## What to work on
Please give the whole listing again word for word, and drop any pictures it holds.

## Given information
^^^^^^^^^^^^^^^^

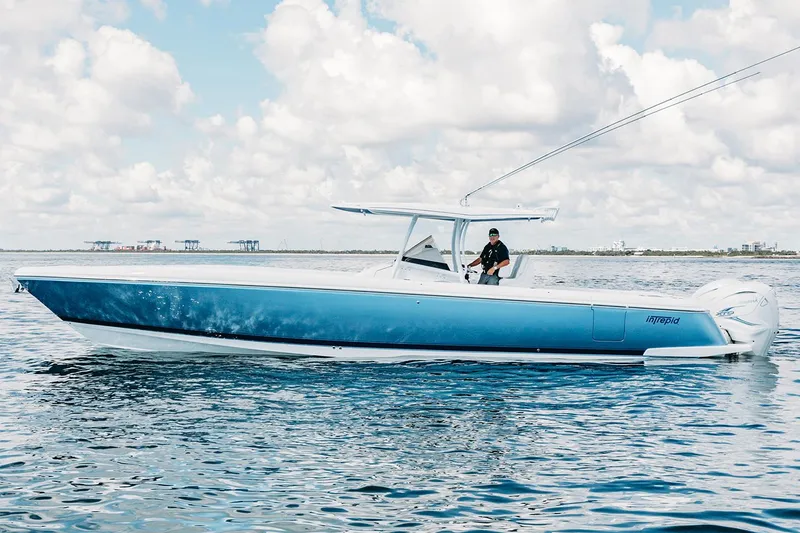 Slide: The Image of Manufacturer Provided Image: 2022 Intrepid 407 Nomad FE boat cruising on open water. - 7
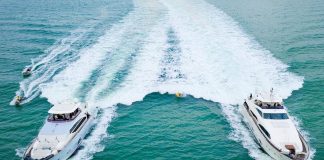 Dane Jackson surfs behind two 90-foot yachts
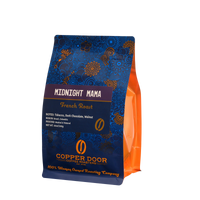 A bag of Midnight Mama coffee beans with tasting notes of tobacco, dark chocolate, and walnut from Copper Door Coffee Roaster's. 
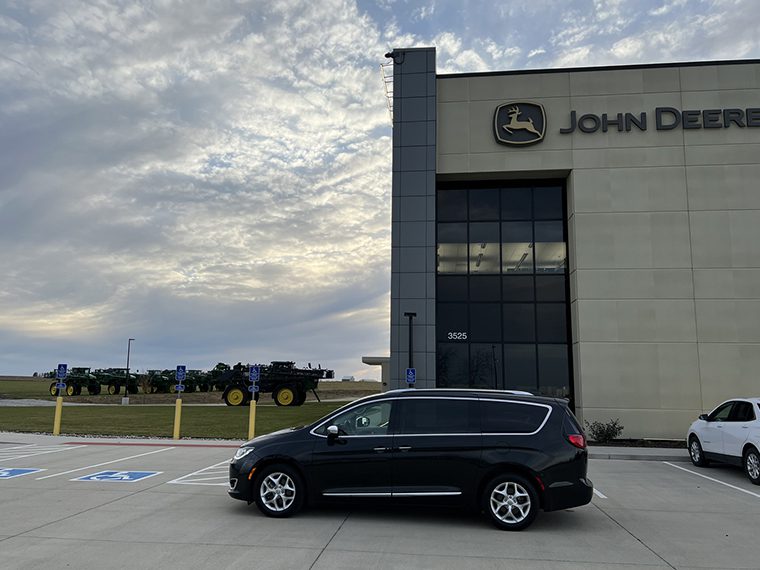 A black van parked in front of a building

^^^^^^^^^^^^^^^^

## Completed exercise
 Slide: The Image of Manufacturer Provided Image: 2022 Intrepid 407 Nomad FE boat cruising on open water. - 7
 Dane Jackson surfs behind two 90-foot yachts
 A bag of Midnight Mama coffee beans with tasting notes of tobacco, dark chocolate, and walnut from Copper Door Coffee Roaster's. 
 A black van parked in front of a building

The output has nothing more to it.